### Input data
= = = =
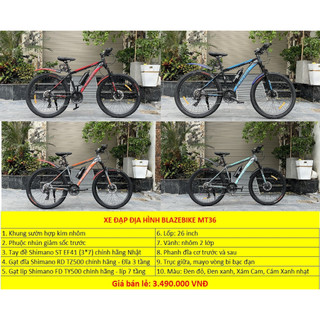 Xe đạp địa hình khung nhôm Blazebike MT36, tặng Full phụ kiện đi kèm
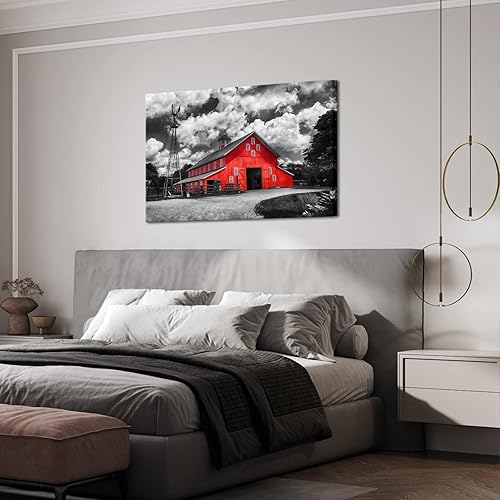 Miniatura 2 de Derkymo Arte de pared de granja negro y rojo, ilustraciones de granero para decoración rústica del hogar, molino de viento rústico de granero,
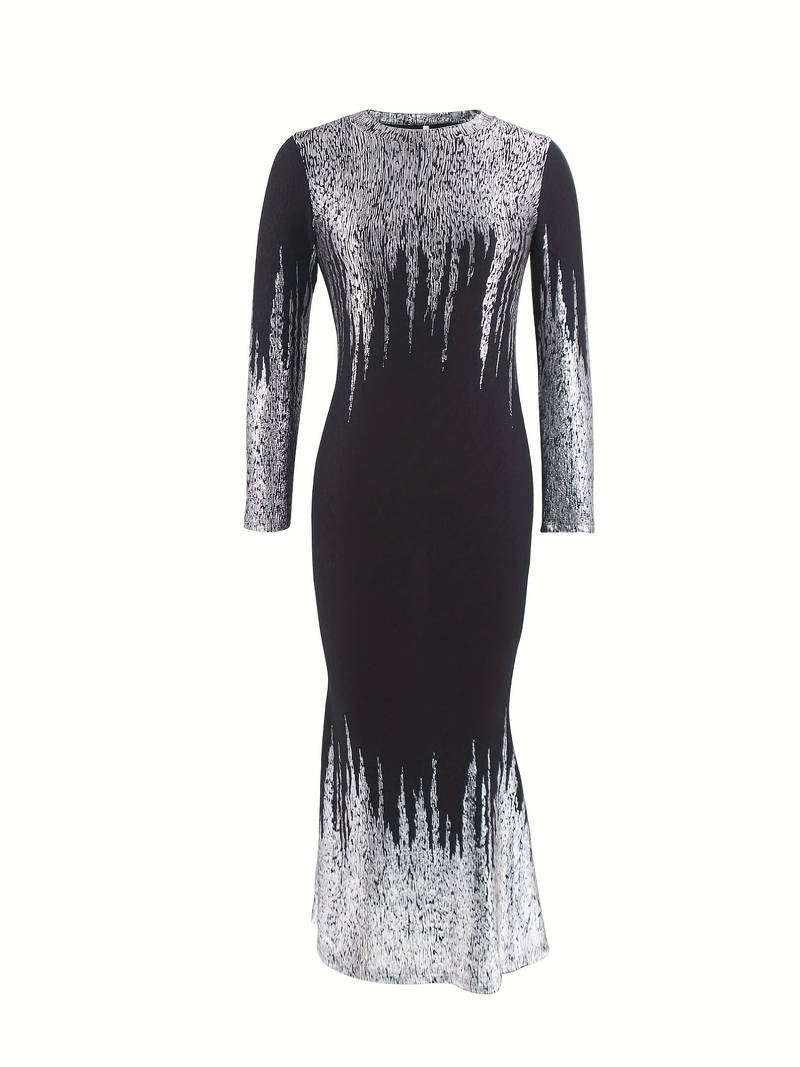 Rochie bodycon cu imprimeu bronzat, rochie eleganta cu maneca lunga cu decolteu, imbracaminte de dama detalii 4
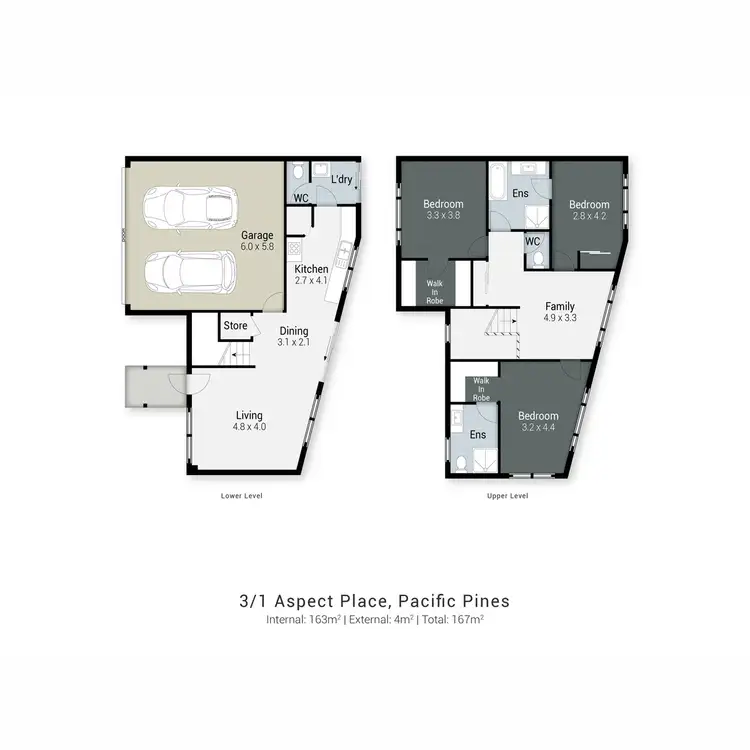 Floorplan of Homely semi-detached listing, 3/1 Aspect Place, Pacific Pines QLD 4211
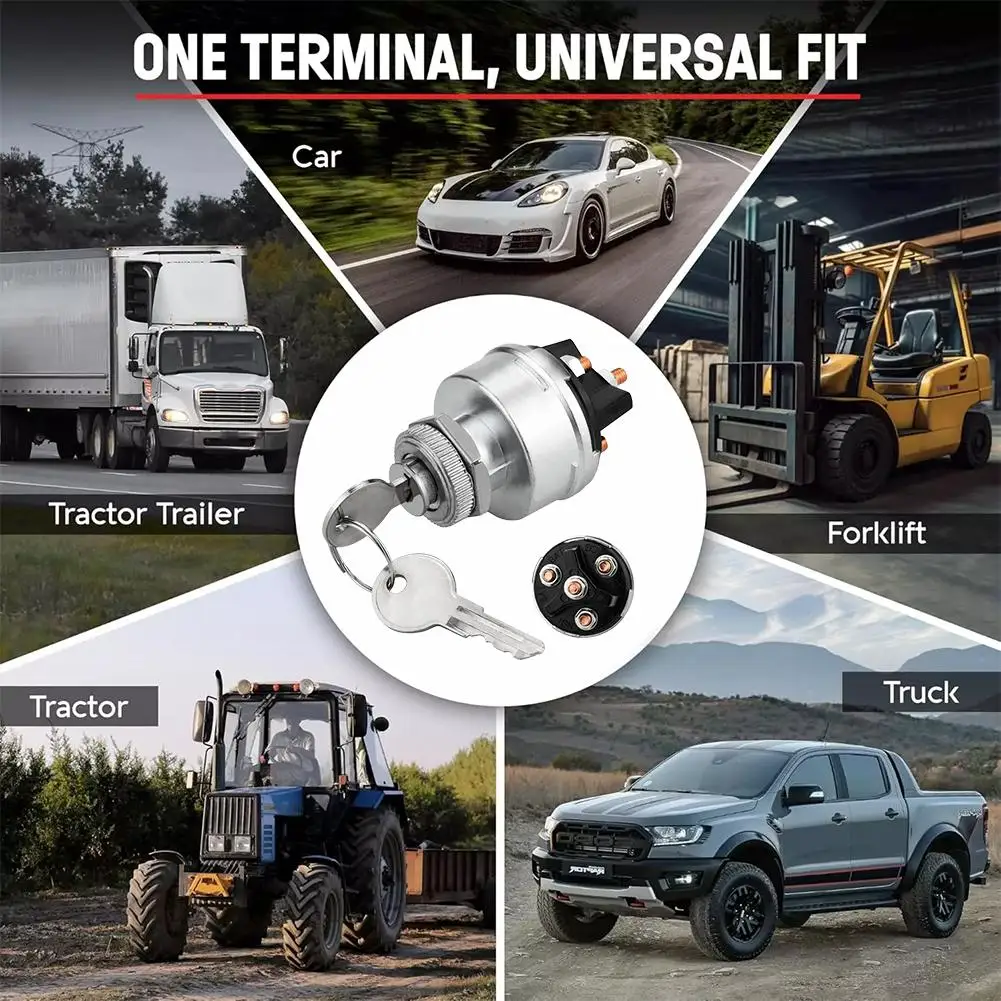 

Car Ignition Key Ignition Switch Lock 4 Position ACC/Off/ING/START Control Car Ignition Universal Key Switch Boat Motorcycl H6T5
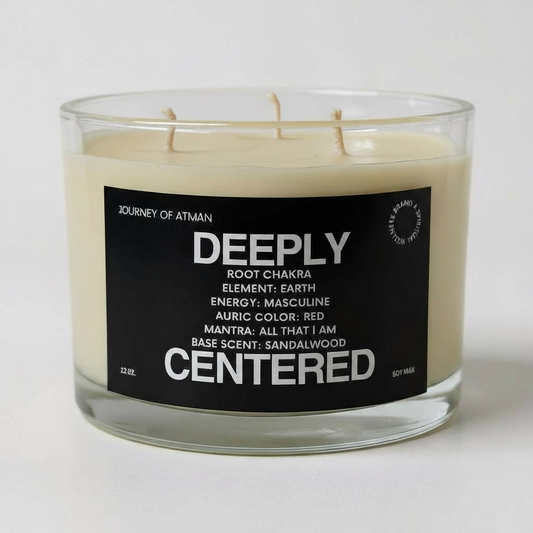 Deeply Centered Healing Candle for Root Chakra support, crafted to promote grounding, stability, and inner security, infused with Reiki energy and designed to enhance meditation, reflection, and emotional balance.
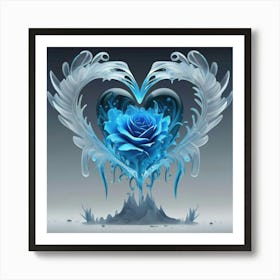 Heart silhouette in the shape of a melting ice sculpture 16 Art Print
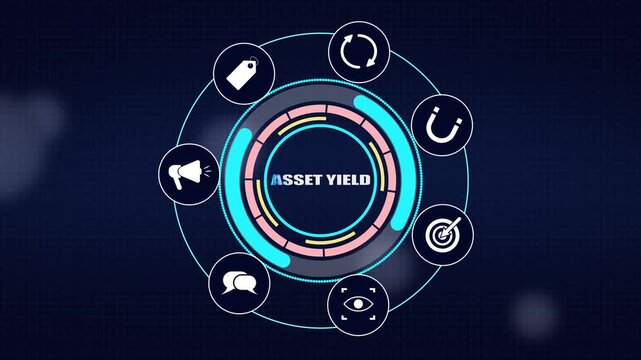 Demonstrating asset yield optimization and investment returns, an interactive technological interface with strategic business marketing icons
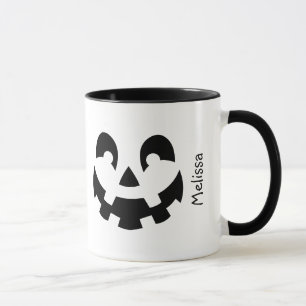 Mug Visage Citrouille Noir Et Blanc Avec Nom Halloween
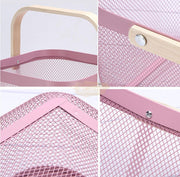 Wire Mesh Steel Basket with Handle | Small | Pink | 25*25*18 cm Basket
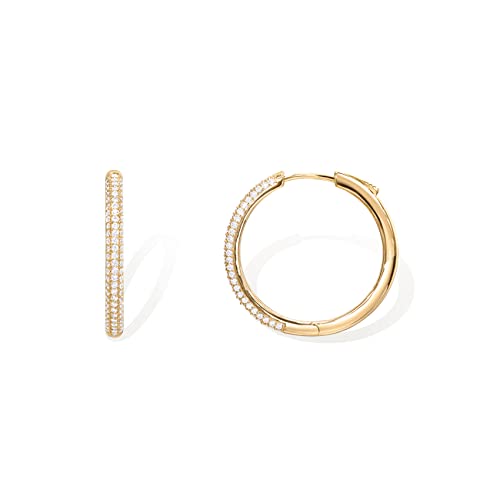 PAVOI 14K Gold Plated 925 Sterling Silver Posts Cubic Zirconia Hoop Earrings for Women | Halo CZ Gold Huggie Hoops - color: Yellow Gold, size: 30 Millimeters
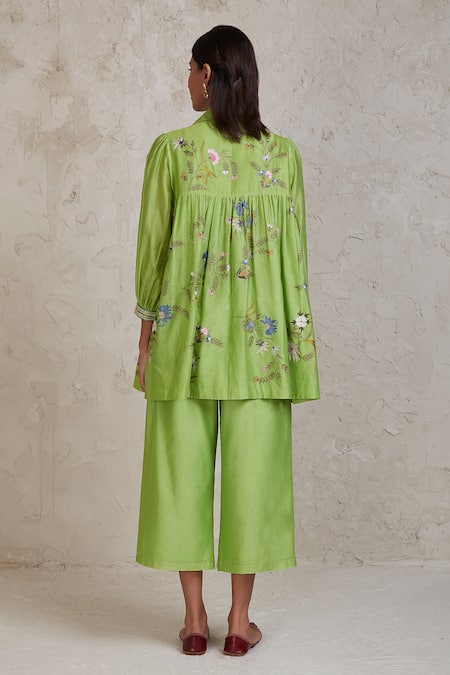 Shop Sue Mue Green Chanderi Applique, Embroidery Sabi Handwoven Shirt And Culottes Set at Aza Fashions Shop_Sue Mue_Green Chanderi Applique, Embroidery Sabi Handwoven Shirt And Culottes Set _at_Aza_Fashions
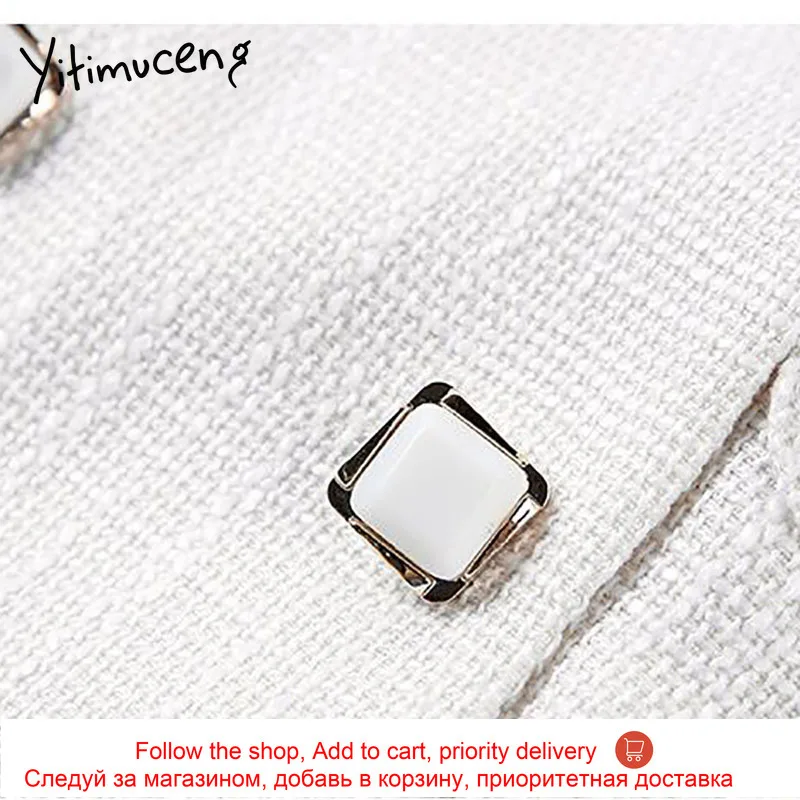 

Yitimuceng Sashes Dresses Women Mini A-Line Solid White Spring 2021 Double Breasted Long Sleeve High Waist Office Lady Fashion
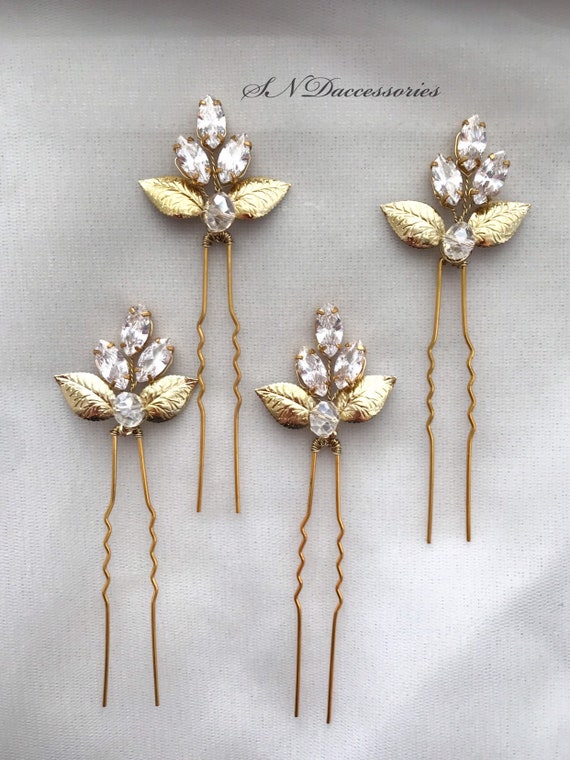 Crystal & Gold Hair Pin Set, New in Box, Bridal Accessories Amazon.com : 4 Pieces Bridal Wedding Hair Pins Gold Leaf  main image 3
= = = =
### Directions for this task
Drop the pictures; return the lines above from the line containing "Car Ignition Key" to the line containing "Shop Sue Mue", both included, exactly.

### Expected answer
Car Ignition Key Ignition Switch Lock 4 Position ACC/Off/ING/START Control Car Ignition Universal Key Switch Boat Motorcycl H6T5
 Deeply Centered Healing Candle for Root Chakra support, crafted to promote grounding, stability, and inner security, infused with Reiki energy and designed to enhance meditation, reflection, and emotional balance.
 Heart silhouette in the shape of a melting ice sculpture 16 Art Print
 Demonstrating asset yield optimization and investment returns, an interactive technological interface with strategic business marketing icons
 Mug Visage Citrouille Noir Et Blanc Avec Nom Halloween
 Wire Mesh Steel Basket with Handle | Small | Pink | 25*25*18 cm Basket
 PAVOI 14K Gold Plated 925 Sterling Silver Posts Cubic Zirconia Hoop Earrings for Women | Halo CZ Gold Huggie Hoops - color: Yellow Gold, size: 30 Millimeters
 Shop Sue Mue Green Chanderi Applique, Embroidery Sabi Handwoven Shirt And Culottes Set at Aza Fashions Shop_Sue Mue_Green Chanderi Applique, Embroidery Sabi Handwoven Shirt And Culottes Set _at_Aza_Fashions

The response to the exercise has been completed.